Kalau saya, bahagia itu adalah ketika disayangi apa adanya. Ya kan manusia ada lebih dan kurangnya, ada baik dan buruknya. Bahagia itu ketika menemukan orang yang sudah tahu buruknya seperti apa tapi tetap bertahan. Bukan membiarkan, tapi diberi arahan, dengan kasih dan sayang. Lagi, bahagia itu ketika bisa menertawakan banyak hal bersama-sama. Nanti, ketika tua, yang bisa kita lakukan hanyalah ngobrol dan bercanda. Tertawa adalah bahagia abadi yang seyogyanya bisa dibagi dengan pasangan hidup.
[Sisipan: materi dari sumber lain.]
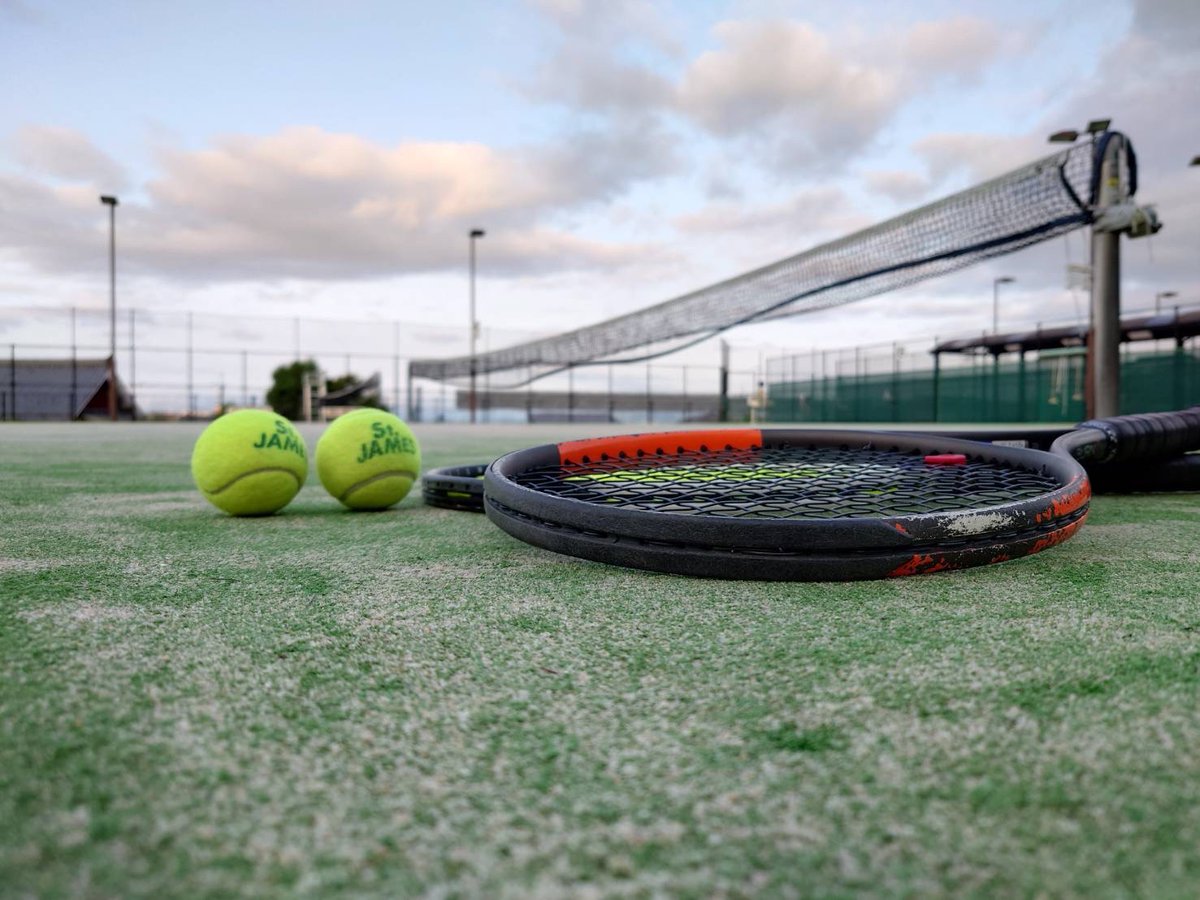 chd69918's tweet image. 今日は三人の新入生が来てくれました！
ありがとうございます！
次回以降の新歓もお待ちしています！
Bahagia bukan serta merta tentang kecukupan materi, kenampakan fisik, atau status sosial di masyarakat. Bahagia adalah perihal hati yang dibadikan melalui proses saling mengerti, memahami, menerima, merindukan, memperbaiki dan mau belajar.

Bahagia seyogyanya juga diciptakan dari dua orang yang berkomitmen. Selama ini, sistem patriarki di masyarakat menitikberatkan perempuan untuk menjadi ‘pembahagia’ laki-laki. Padahal, yang butuh perempuan juga butuh dibahagiakan. Allaah sudah berfirman untuk memuliakan wanita, dan diperkuat dengan petuah para ulama bahwa kebahagiaan isteri akan membawa rejeki bagi suami. Perempuan juga merupakan madrasah pertama bagi anaknya, bahkan sebelum mengandung, sehingga bahagia adalah sebuah hal yang wajib ada dalam kehidupan perempuan. Tidak ada lagi bukan, alasan untuk menitikberatkan kebahagiaan pada gender tertentu?

Karena proses bahagia ialah sebuah simbiosis, membutuhkan makhluk lain, wajar saja jika dalam prosesnya, waktu yang kita butuhkan berbeda. Ada yang sebentar sudah menemukan bahagia itu, ada yang butuh waktu lebih lama untuk yakin bahwa kebahagiaan sudah ditemukan. Nanti, kalau bahagia sudah ditemukan, jangan biarkan ia hilang ya. Genggam erat dan rawat dengan tepat. Yang sudah menemukan bahagia, semoga tetap terjaga, yang belum, semoga segera bersua. 

Terimakasih yang sudah membaca hingga titik terakhir. BarakAllah.